*Data below:*
• • • • • • •
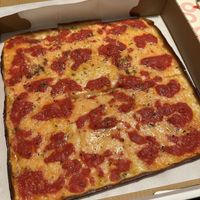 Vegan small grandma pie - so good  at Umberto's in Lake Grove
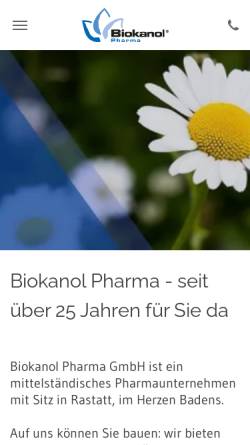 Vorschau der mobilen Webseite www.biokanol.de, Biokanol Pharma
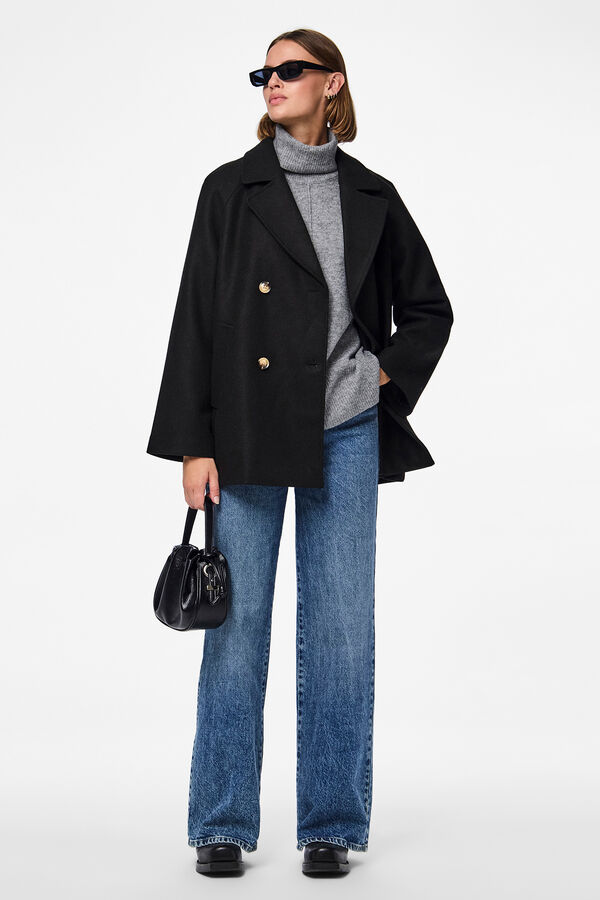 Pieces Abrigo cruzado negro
• • • • • • •
*What to do:*
Please reproduce each line of the listing above exactly, skipping pictures.

*Result of the exercise:*
 Vegan small grandma pie - so good  at Umberto's in Lake Grove
 Vorschau der mobilen Webseite www.biokanol.de, Biokanol Pharma
 Pieces Abrigo cruzado negro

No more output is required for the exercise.